Sunday, May 29, 2011

From the No Surprise Here files

A study in the UK confirms what a lot of parents have known for years:  Taking your kids to the zoo is more effective at teaching them about the environment and conservation than having them sit in a classroom and learn the same material.

Guys, if you have to have a study to figure this kind of thing out, hang it up.  It should surprise no-one that kids respond better to hands-on, entertaining experiences with a dash of education thrown in than they do to textbooks and overhead slides.  Anyone who's ever taken a 6 year old to see the gorillas and read the placards about how fragile their natural habitat is and how few of the animals there are in the wild knows how interested the little tykes are about their hairy cousins after that.  Heck, our kids could recite obscure facts about the flamingo, the emu, and the polar bear before they could say their ABC's.

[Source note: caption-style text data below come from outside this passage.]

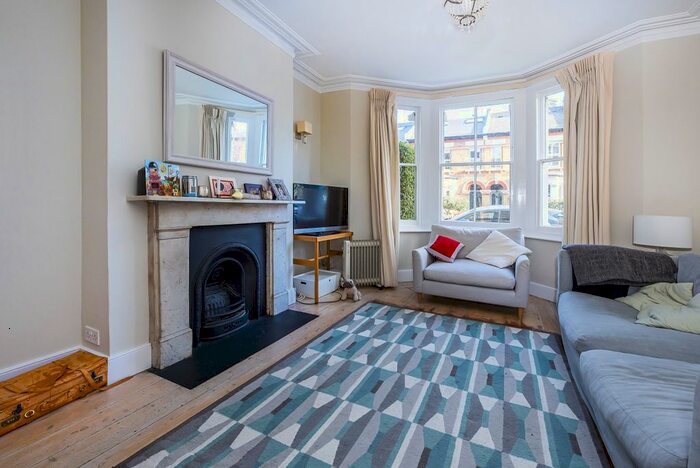 3 Bedroom Flat To Rent In Cleveland Gardens, London, SW13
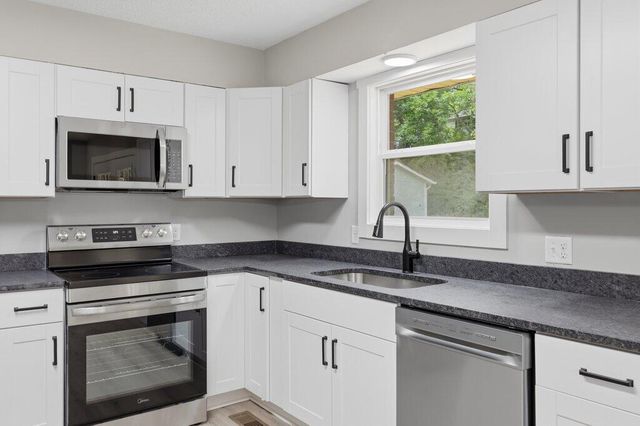 1013 Greenhill Drive, Rossville, GA 30741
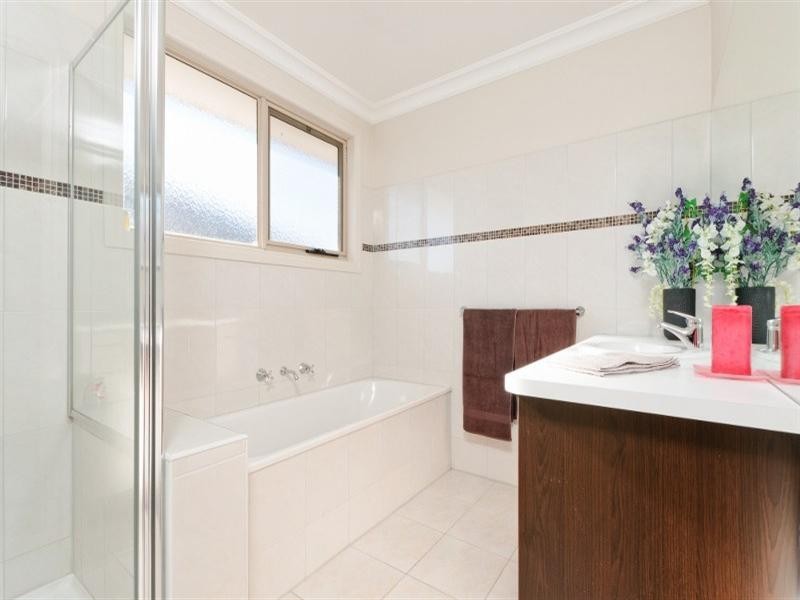 25 Long Island Circuit, Craigieburn VIC 3064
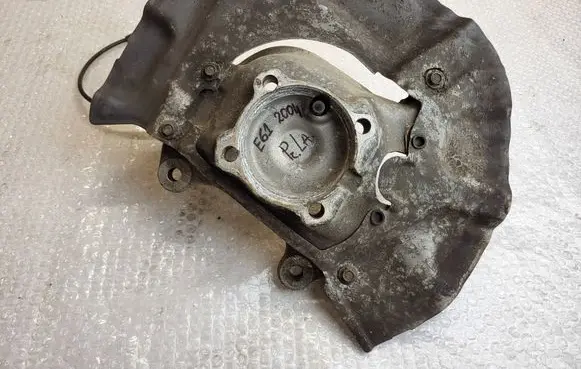 Front wheel hub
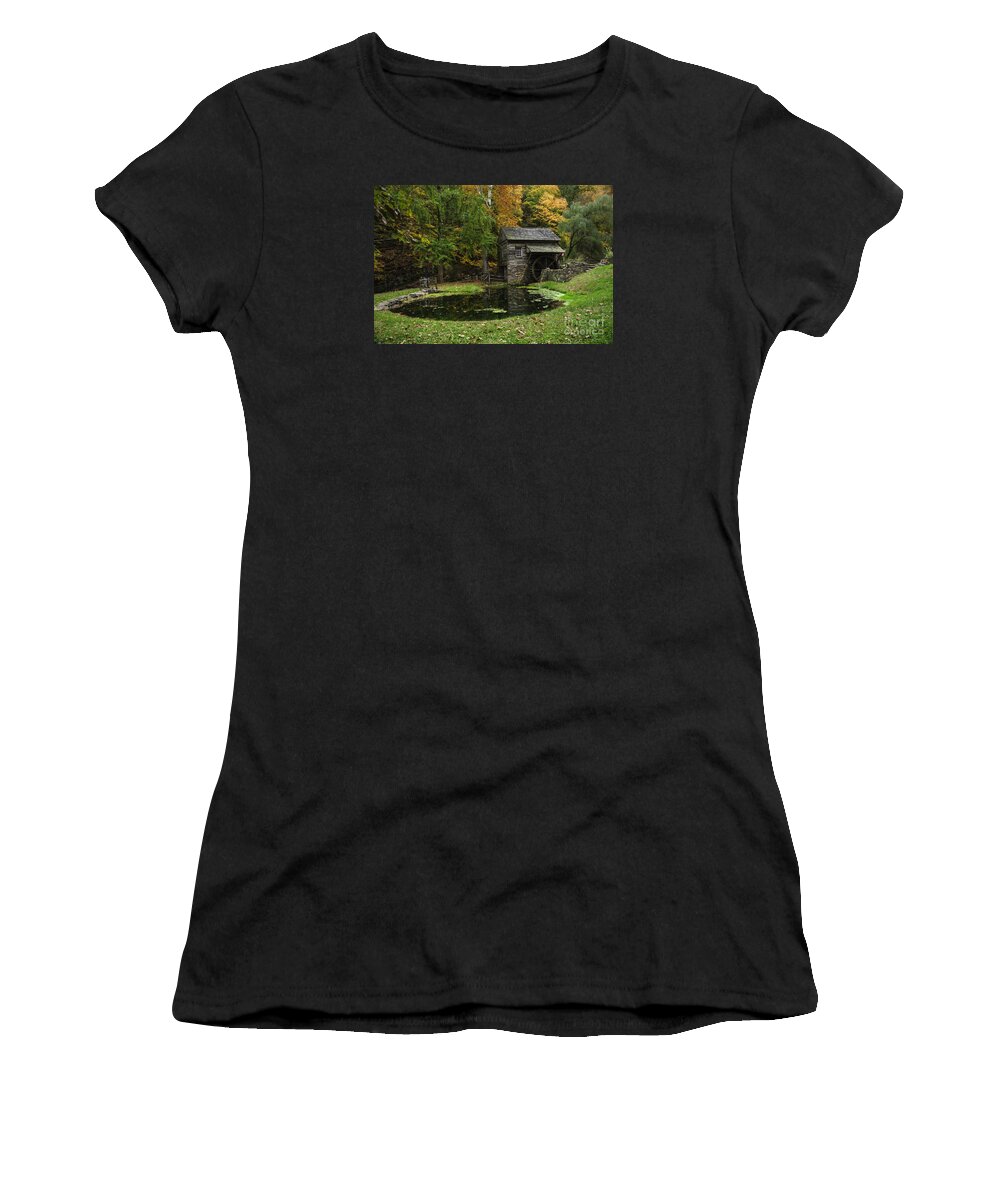 (architecture Or Architectural) Women's T-Shirt featuring the photograph Autumn at Cuttalossa Farm I by Debra Fedchin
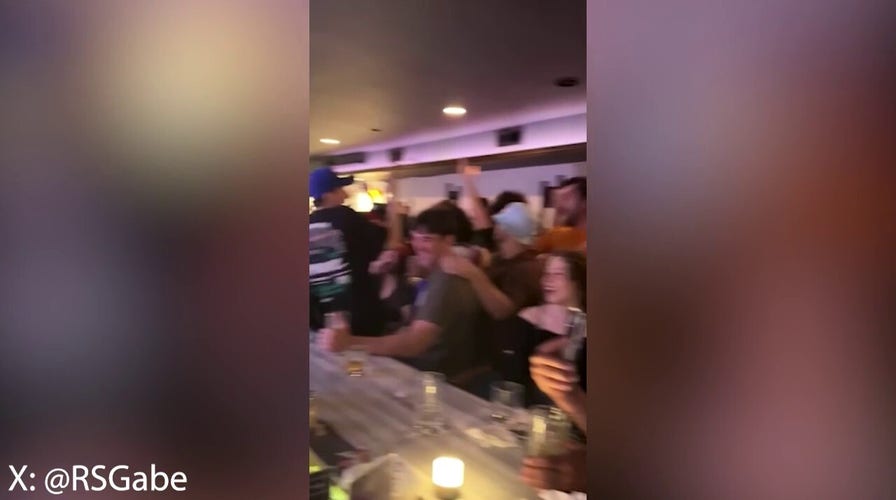 Los aficionados de los Knicks celebran la emocionante victoria de su equipo en el segundo partido de NBA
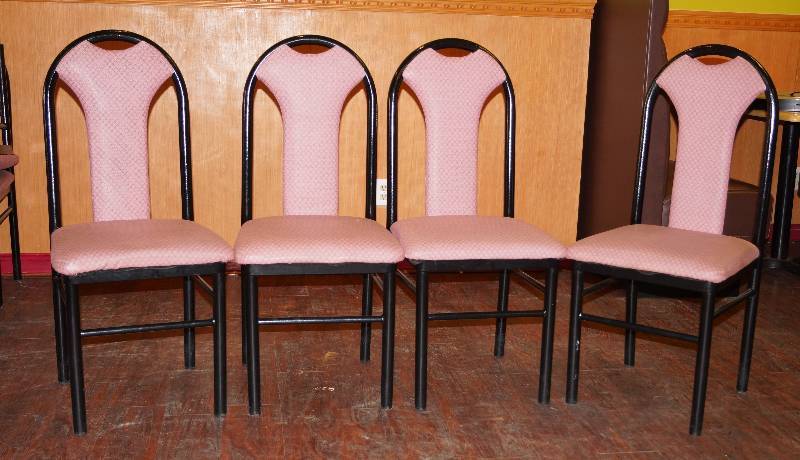 lot 5238 image: Lot of 4 - Commercial Restaurant Dining Chairs - Extremely Heavy Duty Metal Black Frame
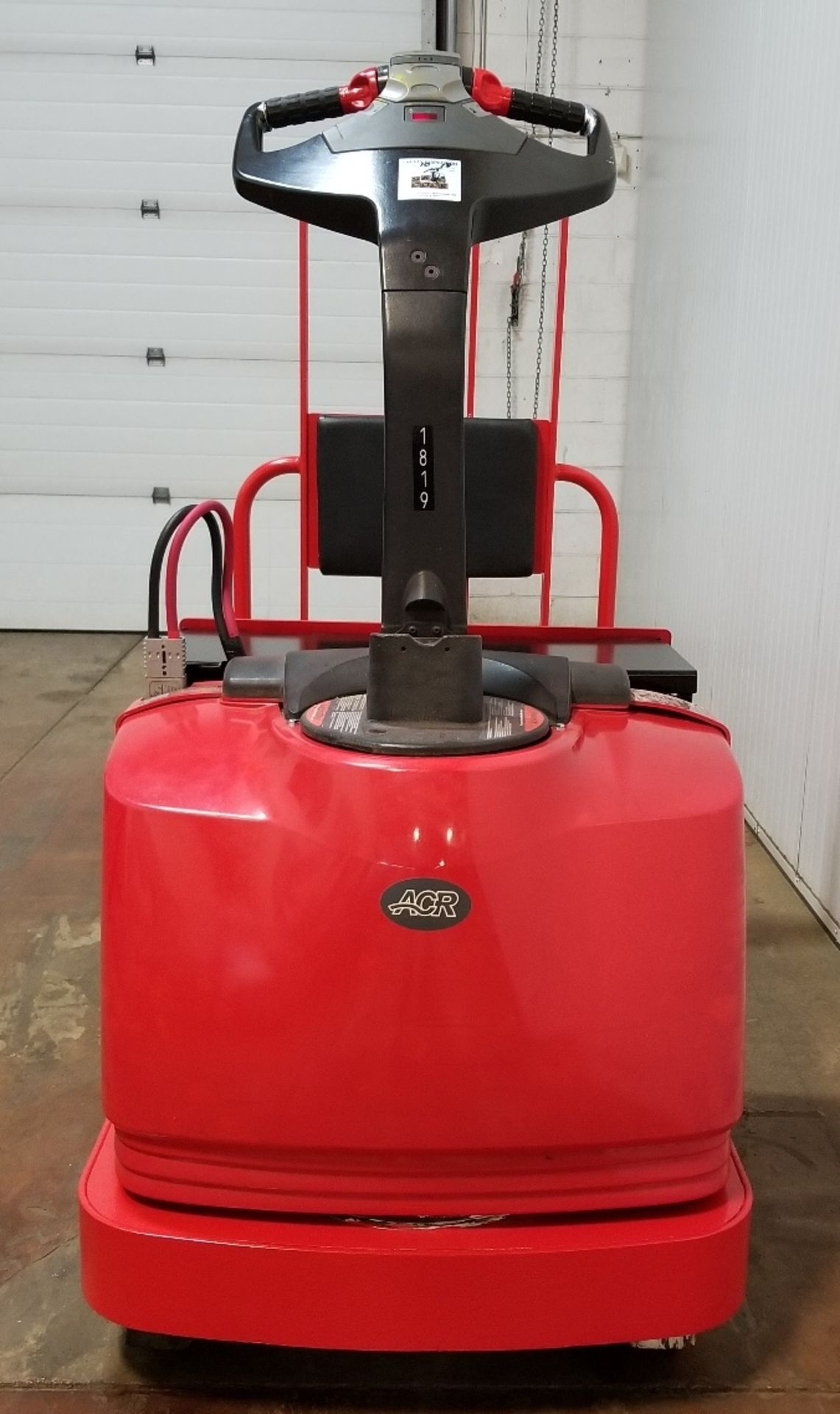 RAYMOND (2012) 8500 24V ELECTRIC RIDE-ON PALLET JACK WITH 6000 LB. CAPACITY, 4047 DRIVE HOURS ( - Image 2 of 3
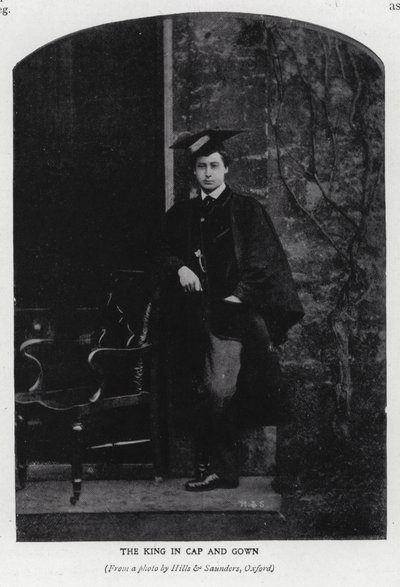 König Edward VII. in Talar und Barett an der Universität Oxford von Hills and Saunders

Kids learn best through play.  That's why I always make it fun when I take Girlie Bear to the range, or work on ABC's and 1 2 3's with Boo by playing with blocks or coloring books.  Heck, I even knew this when I taught in the military.  I always spent the minimum necessary time going through the dry lecture material so that we could get to simulations where students learned and then applied the knowledge that they had heard in lectures.

Someday I'm going to ditch the day job and just start writing applications for grants so I can study the phenomenon of meat becoming inedible if left out in the sun, or that if left to its own devices, the chlorophyllic organisms in the American lawn will gain in height.